[Instructions for the task]
For the entries below, print exactly the lines between the line holding "Ceas orizontale de" and the line holding "Amazing Teacher - Personalized", inclusive, and nothing else.

[Records supplied]

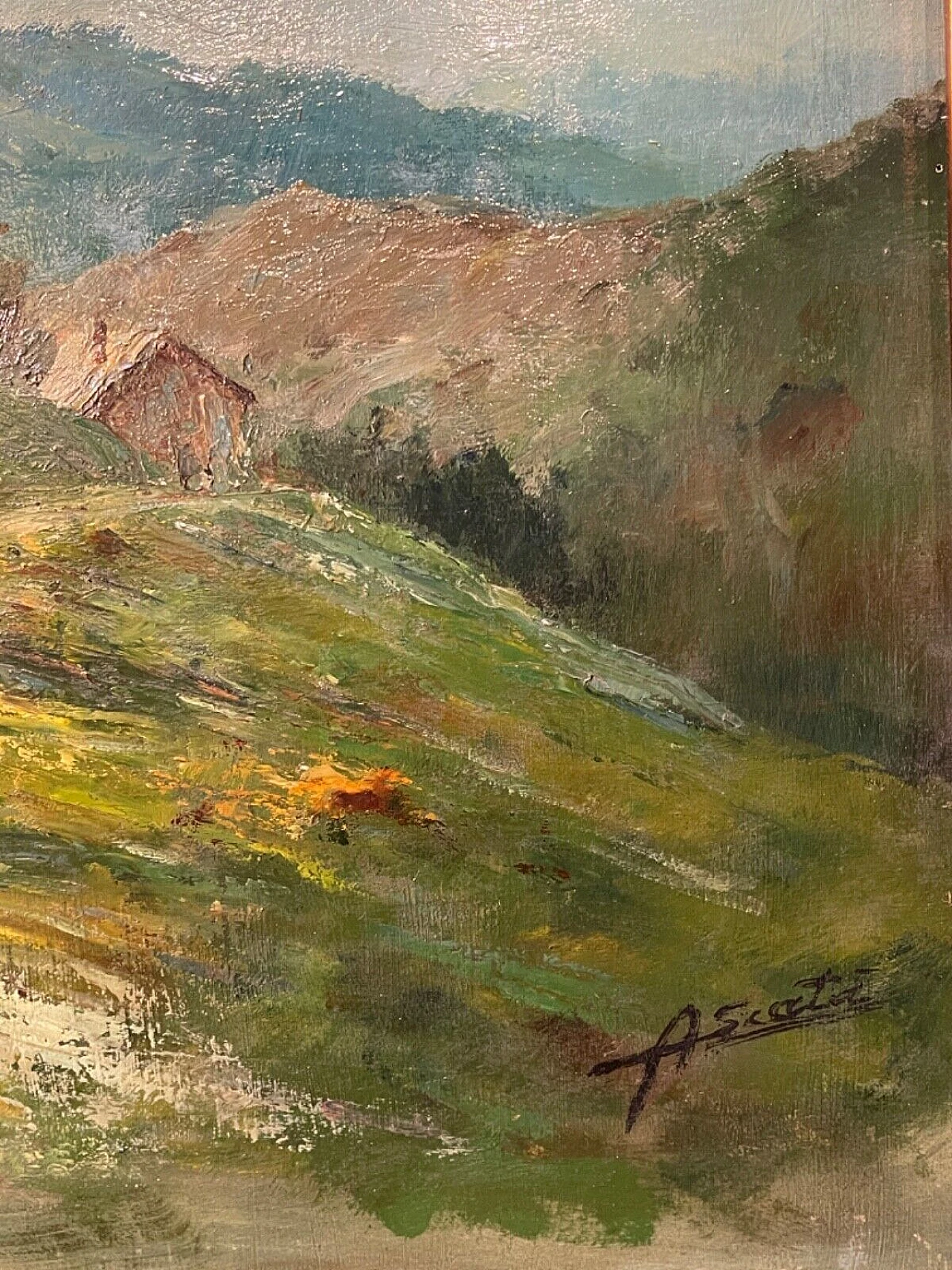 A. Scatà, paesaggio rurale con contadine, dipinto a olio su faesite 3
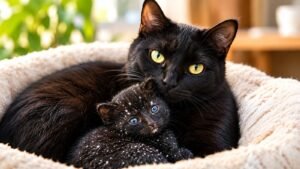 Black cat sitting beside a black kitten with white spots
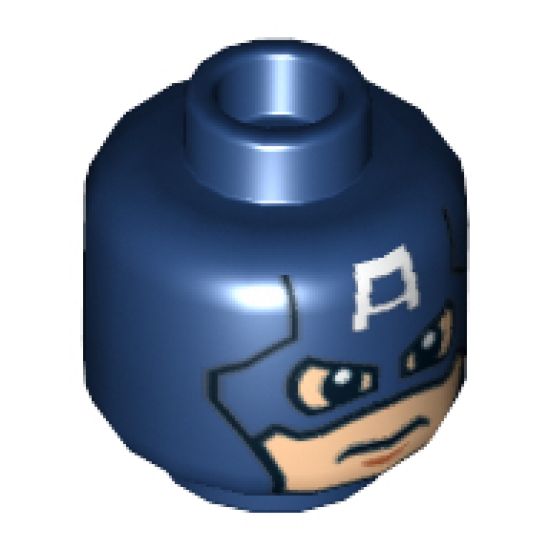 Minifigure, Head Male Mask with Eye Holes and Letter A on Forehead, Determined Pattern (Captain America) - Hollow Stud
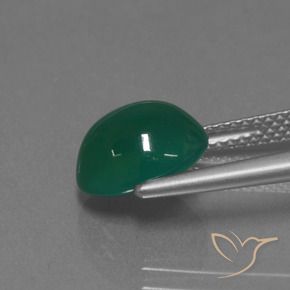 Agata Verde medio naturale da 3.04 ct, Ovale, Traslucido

==

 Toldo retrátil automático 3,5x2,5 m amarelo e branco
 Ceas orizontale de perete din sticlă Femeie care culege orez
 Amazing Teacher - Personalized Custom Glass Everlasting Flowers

[Problem solution]
 Ceas orizontale de perete din sticlă Femeie care culege orez
 Amazing Teacher - Personalized Custom Glass Everlasting Flowers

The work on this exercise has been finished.